Tumors are fundamentally characterized by aberrant cell growth and proliferation, manifesting as a dysregulation in proliferation, apoptosis, and differentiation when compared to normal cells [32]. A prominent hallmark among these alterations is the disruption of the cell cycle, a critical aspect of tumorigenesis [33]. To investigate the molecular mechanisms underlying SIRT2's influence on the progression and prognosis of lung adenocarcinoma (LUAD), we conducted Gene Ontology (GO) functional enrichment analysis. This analysis substantiated the close association of SIRT2 expression in LUAD with cell cycle regulation. Complementary to this, the results of Gene Set Enrichment Analysis (GSEA) corroborated the connection between SIRT2 expression and cell cycle processes.

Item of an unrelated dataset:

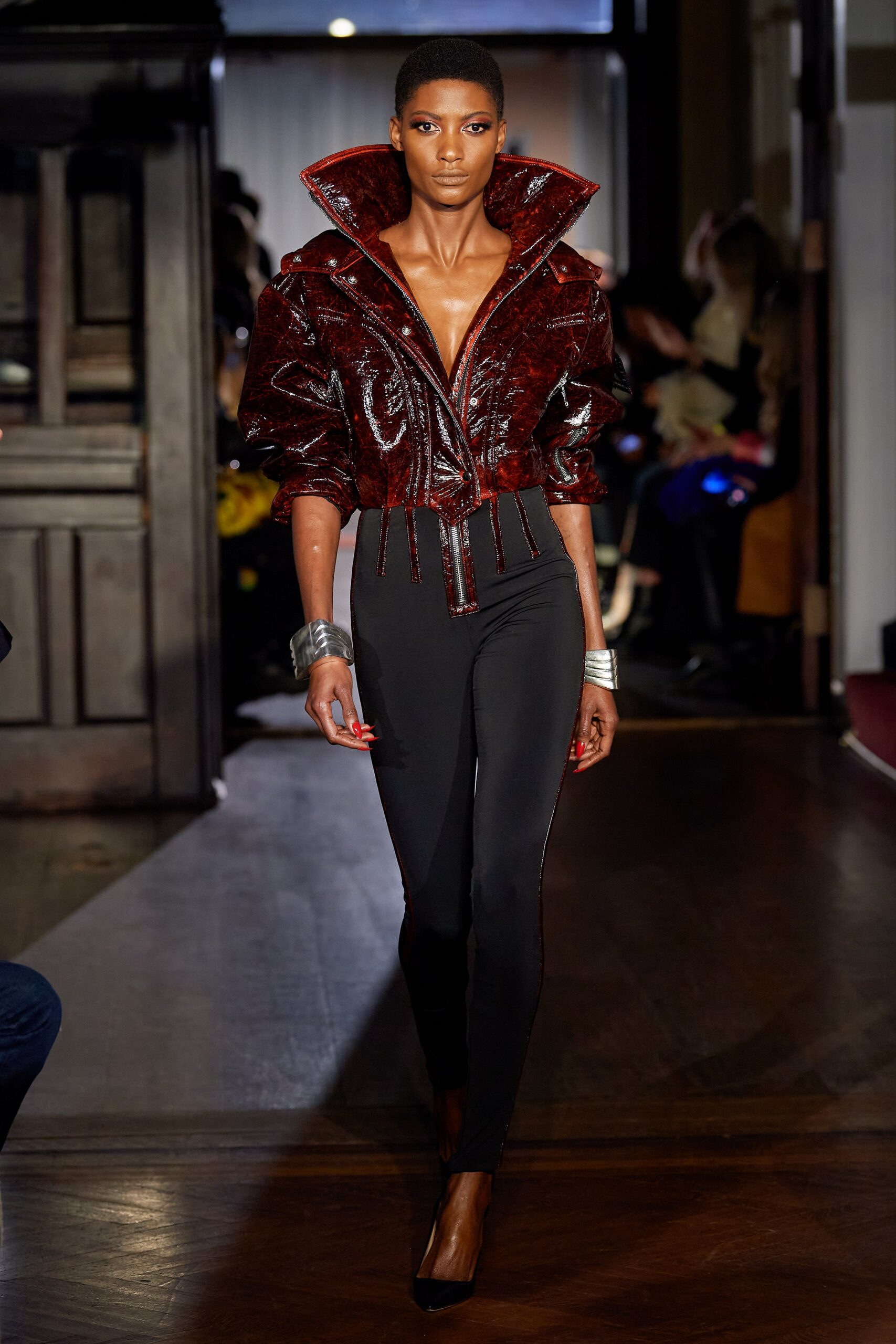 LaQuan Smith F/W 22 Look 6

Cancer development is influenced by a confluence of factors including genetic predispositions, external environment, and notably, the tumor microenvironment [34]. The latter comprises immune cells, extracellular matrix, inflammatory mediators, and other constituents, playing a pivotal role in tumor progression, metastasis, and patient survival [35]. Perturbations in immune infiltration represent a significant aspect of tumor microenvironment alteration, critically impacting tumor progression and patient prognosis [36]. In tumor immunity, some immune cells, such as NK cells, DC cells and macrophages, play important roles in regulating the tumor microenvironment. NK cells are effectors of the body's immune defense, and various cytokines are key factors in cell maturation, activation, and survival, jointly maintaining the homeostasis of the tumor microenvironment [37]. At the same time, many tumor targeted therapeutic products targeting NK cells have been successively developed, such as rituximab (anti-cd20), etozumab (anti-slamf7), trastuzumab (anti-her2/neu), which are respectively used to treat some B cell malignant tumors, multiple myeloma and some forms of breast cancer [38]. DC cells participate in and regulate innate and adaptive immune responses by processing and presenting antigens, secreting cytokines and growth factors, and activating T cells, maintaining the immune homeostasis of the body and playing a key role in anti-tumor immune responses [39]. Macrophages play important roles in immune defense, immune regulation, and immune surveillance in the immune microenvironment (40). In LUAD, our findings from the Kyoto Encyclopedia of Genes and Genomes (KEGG) enrichment analysis revealed that SIRT2 expression is intricately linked to immunity. Further investigation into the association between SIRT2 expression and immune infiltrability in LUAD demonstrated a positive correlation of SIRT2 expression with the infiltration levels of various immune cells, including immature dendritic cells (iDCs), natural killer (NK) cells, T follicular helper (TFH) cells, mast cells, eosinophils, macrophages, dendritic cells (DCs), and neutrophils. Combined with previous studies, these observations suggest a profound association between SIRT2 and the tumor microenvironment in LUAD, potentially modulating the disease's developmental trajectory through alterations in the tumor microenvironment.

Conclusion

Despite our comprehensive and systematic analysis of SIRT2 in LUAD, corroborated by data from various databases, this study is not without limitations. Firstly, different online analysis platforms may process raw data from the same database in varied manners, potentially introducing systematic errors. Secondly, to validate the aberrant expression of SIRT2 in LUAD, its association with tumor immunity, and its prognostic implications, further in vivo or in vitro experimentation is warranted. These areas merit deeper investigation in future research endeavors.